Information shown:

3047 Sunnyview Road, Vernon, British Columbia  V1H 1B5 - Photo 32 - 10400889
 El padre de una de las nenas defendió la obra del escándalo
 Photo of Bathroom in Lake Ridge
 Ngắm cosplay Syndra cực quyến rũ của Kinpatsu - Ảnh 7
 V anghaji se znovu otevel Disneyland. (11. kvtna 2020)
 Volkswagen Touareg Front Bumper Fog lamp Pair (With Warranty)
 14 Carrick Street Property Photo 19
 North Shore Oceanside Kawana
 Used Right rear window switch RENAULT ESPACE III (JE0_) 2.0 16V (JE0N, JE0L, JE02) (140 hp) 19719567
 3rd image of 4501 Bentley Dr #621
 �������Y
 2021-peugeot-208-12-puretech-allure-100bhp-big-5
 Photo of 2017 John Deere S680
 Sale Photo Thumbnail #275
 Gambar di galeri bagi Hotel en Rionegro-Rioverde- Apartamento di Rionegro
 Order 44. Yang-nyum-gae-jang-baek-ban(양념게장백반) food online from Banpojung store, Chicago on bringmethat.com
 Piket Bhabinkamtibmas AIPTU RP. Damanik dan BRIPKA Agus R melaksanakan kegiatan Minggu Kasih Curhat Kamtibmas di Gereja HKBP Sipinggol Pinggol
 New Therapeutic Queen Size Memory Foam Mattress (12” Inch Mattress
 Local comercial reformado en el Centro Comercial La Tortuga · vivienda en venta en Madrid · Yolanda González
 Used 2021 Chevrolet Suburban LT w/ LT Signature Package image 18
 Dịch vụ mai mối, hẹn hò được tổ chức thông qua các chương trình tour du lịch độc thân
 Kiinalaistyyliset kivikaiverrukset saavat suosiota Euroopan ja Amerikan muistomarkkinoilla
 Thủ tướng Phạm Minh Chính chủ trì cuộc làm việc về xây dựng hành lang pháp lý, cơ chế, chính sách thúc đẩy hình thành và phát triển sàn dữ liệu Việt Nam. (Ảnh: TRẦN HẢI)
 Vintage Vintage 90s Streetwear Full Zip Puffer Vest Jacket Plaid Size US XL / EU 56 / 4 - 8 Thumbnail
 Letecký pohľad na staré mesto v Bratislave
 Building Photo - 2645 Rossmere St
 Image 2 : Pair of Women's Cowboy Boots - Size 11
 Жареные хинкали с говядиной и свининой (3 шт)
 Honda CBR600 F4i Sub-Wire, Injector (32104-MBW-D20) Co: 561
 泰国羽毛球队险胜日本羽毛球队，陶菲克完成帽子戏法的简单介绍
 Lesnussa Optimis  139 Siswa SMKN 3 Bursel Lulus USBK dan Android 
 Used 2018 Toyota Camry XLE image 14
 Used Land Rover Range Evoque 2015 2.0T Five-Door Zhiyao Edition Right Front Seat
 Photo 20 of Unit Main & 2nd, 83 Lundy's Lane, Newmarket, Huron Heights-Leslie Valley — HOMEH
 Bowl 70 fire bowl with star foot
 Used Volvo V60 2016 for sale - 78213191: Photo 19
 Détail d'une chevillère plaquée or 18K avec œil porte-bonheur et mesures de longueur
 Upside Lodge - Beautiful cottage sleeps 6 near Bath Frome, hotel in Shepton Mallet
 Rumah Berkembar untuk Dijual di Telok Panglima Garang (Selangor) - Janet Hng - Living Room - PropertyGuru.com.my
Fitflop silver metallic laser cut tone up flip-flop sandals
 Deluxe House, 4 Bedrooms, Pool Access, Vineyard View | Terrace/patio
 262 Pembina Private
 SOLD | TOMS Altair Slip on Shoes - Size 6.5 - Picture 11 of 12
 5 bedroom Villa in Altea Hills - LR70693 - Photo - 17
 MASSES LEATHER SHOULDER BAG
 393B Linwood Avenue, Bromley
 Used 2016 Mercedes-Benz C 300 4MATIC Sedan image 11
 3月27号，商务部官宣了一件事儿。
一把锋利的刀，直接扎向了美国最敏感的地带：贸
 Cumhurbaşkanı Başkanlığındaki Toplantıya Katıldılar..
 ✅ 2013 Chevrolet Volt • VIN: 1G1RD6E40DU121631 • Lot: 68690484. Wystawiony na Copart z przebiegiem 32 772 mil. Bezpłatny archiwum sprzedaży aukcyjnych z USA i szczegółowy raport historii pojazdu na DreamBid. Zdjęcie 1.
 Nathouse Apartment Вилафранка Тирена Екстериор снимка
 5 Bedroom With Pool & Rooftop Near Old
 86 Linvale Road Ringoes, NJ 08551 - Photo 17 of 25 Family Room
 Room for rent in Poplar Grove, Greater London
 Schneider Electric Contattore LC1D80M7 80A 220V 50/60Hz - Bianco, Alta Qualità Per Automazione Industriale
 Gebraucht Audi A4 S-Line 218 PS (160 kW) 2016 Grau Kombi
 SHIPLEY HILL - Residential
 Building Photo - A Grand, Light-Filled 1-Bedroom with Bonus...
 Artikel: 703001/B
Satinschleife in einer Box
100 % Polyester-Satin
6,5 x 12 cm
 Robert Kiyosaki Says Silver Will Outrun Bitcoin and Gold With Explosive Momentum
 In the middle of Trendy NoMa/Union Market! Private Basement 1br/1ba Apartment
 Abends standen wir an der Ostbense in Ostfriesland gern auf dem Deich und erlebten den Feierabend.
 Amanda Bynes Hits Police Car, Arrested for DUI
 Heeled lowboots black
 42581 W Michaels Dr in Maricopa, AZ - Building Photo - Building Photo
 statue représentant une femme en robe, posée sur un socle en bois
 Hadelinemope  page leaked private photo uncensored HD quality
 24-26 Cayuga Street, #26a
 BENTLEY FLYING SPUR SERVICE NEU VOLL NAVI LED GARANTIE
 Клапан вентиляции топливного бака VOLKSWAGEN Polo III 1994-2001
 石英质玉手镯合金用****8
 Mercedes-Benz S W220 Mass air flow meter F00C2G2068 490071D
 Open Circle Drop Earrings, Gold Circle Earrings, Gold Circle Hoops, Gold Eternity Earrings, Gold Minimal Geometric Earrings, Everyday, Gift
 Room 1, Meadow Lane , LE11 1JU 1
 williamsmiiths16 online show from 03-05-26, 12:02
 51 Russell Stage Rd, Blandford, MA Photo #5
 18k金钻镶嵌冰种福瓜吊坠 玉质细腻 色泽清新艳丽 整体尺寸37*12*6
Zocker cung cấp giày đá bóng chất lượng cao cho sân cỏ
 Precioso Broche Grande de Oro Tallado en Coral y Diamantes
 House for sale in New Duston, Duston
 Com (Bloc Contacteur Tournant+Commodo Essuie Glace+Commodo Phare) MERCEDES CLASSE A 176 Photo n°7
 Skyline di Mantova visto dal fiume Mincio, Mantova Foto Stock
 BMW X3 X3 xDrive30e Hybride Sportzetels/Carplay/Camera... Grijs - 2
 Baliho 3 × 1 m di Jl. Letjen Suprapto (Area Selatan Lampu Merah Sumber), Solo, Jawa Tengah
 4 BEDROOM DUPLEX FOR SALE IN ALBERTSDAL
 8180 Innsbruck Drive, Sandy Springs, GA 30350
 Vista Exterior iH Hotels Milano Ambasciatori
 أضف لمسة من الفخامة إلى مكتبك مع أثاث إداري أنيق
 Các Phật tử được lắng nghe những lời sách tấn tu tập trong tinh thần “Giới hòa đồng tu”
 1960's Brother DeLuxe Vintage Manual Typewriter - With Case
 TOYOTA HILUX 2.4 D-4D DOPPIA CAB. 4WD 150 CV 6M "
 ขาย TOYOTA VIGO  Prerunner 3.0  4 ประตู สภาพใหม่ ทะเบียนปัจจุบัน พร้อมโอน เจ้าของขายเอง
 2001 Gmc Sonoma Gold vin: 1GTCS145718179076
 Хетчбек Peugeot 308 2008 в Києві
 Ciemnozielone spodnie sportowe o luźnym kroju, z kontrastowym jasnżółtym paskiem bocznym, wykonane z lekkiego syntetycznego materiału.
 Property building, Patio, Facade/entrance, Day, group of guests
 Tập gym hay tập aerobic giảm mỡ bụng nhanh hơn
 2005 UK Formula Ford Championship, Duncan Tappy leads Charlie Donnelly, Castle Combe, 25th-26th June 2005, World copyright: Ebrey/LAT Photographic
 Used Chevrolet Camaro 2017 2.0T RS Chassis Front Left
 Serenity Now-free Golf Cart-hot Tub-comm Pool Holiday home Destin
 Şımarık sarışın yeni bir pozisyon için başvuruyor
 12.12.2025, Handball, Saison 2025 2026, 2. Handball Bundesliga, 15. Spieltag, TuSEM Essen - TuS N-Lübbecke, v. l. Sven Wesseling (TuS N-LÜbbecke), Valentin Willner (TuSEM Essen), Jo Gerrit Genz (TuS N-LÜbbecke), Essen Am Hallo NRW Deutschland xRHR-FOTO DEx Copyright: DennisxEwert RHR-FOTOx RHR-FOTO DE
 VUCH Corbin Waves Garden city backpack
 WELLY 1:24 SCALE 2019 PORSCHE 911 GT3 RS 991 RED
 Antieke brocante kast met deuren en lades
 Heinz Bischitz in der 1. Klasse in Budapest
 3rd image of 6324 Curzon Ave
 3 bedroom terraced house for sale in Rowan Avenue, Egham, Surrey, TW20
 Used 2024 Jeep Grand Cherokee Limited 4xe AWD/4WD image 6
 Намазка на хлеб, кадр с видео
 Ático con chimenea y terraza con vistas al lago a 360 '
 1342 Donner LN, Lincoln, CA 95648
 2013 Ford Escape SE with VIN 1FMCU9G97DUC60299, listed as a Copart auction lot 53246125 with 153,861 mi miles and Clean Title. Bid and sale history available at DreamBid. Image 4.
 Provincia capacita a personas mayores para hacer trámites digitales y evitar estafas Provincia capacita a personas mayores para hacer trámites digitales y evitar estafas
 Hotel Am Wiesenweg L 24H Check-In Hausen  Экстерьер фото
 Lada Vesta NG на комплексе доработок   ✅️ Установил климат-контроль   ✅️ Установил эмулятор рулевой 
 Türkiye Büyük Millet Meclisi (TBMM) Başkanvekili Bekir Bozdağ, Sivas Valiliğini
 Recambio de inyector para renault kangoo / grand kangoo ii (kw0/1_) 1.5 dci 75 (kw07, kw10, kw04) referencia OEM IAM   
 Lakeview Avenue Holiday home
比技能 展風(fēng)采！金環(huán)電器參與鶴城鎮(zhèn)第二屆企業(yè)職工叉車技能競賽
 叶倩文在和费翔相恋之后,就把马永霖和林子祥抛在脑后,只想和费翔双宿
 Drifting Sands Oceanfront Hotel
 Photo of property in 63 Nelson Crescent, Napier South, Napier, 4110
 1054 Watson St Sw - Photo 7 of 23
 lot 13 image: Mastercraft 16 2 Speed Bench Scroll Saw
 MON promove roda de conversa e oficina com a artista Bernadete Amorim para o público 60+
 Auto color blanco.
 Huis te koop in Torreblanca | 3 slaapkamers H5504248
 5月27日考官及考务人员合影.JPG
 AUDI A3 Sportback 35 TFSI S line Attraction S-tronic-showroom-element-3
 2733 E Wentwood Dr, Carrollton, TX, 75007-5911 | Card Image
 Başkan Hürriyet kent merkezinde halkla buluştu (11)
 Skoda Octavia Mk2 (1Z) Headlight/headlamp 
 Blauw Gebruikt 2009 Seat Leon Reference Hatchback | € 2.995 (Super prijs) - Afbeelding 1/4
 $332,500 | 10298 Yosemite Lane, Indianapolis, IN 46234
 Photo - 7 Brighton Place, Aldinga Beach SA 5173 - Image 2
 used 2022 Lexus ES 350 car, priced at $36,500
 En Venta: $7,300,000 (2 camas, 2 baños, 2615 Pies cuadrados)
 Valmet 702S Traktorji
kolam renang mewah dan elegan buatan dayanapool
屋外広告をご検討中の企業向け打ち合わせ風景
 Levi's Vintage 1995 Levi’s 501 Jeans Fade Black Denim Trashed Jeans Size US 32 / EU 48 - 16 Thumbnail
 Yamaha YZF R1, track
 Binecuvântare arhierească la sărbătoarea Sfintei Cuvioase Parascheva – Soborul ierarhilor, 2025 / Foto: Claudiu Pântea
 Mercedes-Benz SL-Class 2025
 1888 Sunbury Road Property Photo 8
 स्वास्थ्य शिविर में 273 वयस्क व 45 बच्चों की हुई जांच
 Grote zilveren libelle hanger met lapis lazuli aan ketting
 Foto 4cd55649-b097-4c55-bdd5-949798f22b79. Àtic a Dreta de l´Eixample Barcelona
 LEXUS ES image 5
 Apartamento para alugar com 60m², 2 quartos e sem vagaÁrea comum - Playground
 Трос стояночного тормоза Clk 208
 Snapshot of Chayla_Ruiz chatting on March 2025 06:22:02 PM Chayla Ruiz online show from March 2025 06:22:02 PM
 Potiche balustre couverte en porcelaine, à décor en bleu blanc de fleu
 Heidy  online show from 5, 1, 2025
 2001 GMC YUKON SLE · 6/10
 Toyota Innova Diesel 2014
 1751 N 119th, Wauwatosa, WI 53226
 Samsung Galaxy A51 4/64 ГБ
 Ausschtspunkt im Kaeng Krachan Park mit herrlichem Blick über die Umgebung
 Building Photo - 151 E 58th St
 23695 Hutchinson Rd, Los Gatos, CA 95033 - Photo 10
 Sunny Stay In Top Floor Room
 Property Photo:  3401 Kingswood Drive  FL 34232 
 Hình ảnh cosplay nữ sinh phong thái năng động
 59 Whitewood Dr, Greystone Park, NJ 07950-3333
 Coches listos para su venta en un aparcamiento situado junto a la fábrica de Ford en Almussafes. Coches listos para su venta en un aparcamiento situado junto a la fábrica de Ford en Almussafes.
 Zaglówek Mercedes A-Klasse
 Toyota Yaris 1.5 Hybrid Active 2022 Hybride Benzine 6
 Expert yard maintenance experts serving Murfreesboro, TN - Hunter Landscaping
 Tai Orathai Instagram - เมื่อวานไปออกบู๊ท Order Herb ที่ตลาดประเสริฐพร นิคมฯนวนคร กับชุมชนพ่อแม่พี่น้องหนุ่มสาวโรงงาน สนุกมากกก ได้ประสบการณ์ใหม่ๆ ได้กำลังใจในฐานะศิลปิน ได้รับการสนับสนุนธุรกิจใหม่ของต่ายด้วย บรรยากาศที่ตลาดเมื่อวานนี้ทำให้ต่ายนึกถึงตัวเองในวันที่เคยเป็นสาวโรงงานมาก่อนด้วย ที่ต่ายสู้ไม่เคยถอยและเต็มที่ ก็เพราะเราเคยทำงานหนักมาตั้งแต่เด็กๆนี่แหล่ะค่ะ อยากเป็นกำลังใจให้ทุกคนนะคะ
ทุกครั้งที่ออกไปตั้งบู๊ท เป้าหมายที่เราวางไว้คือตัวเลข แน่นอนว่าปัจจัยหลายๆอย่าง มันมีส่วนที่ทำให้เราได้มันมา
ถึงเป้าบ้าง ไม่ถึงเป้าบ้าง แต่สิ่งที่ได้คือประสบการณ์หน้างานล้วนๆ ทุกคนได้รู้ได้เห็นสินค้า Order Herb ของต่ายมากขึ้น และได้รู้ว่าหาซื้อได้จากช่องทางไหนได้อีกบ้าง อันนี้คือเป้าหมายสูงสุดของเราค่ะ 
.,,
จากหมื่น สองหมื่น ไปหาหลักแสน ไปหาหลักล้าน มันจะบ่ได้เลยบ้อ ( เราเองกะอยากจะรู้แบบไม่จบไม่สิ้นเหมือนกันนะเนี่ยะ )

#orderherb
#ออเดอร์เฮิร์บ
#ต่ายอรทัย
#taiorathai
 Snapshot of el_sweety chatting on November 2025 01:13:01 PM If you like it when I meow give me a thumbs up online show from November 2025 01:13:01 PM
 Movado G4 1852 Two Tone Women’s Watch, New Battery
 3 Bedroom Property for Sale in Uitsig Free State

What to do: In the listing above, find the line with "Клапан вентиляции топливного" and the line with "BMW X3 X3 xDrive30e", then print exactly those two lines and every line between them, and nothing more.

Answer below:
 Клапан вентиляции топливного бака VOLKSWAGEN Polo III 1994-2001
 石英质玉手镯合金用****8
 Mercedes-Benz S W220 Mass air flow meter F00C2G2068 490071D
 Open Circle Drop Earrings, Gold Circle Earrings, Gold Circle Hoops, Gold Eternity Earrings, Gold Minimal Geometric Earrings, Everyday, Gift
 Room 1, Meadow Lane , LE11 1JU 1
 williamsmiiths16 online show from 03-05-26, 12:02
 51 Russell Stage Rd, Blandford, MA Photo #5
 18k金钻镶嵌冰种福瓜吊坠 玉质细腻 色泽清新艳丽 整体尺寸37*12*6
Zocker cung cấp giày đá bóng chất lượng cao cho sân cỏ
 Precioso Broche Grande de Oro Tallado en Coral y Diamantes
 House for sale in New Duston, Duston
 Com (Bloc Contacteur Tournant+Commodo Essuie Glace+Commodo Phare) MERCEDES CLASSE A 176 Photo n°7
 Skyline di Mantova visto dal fiume Mincio, Mantova Foto Stock
 BMW X3 X3 xDrive30e Hybride Sportzetels/Carplay/Camera... Grijs - 2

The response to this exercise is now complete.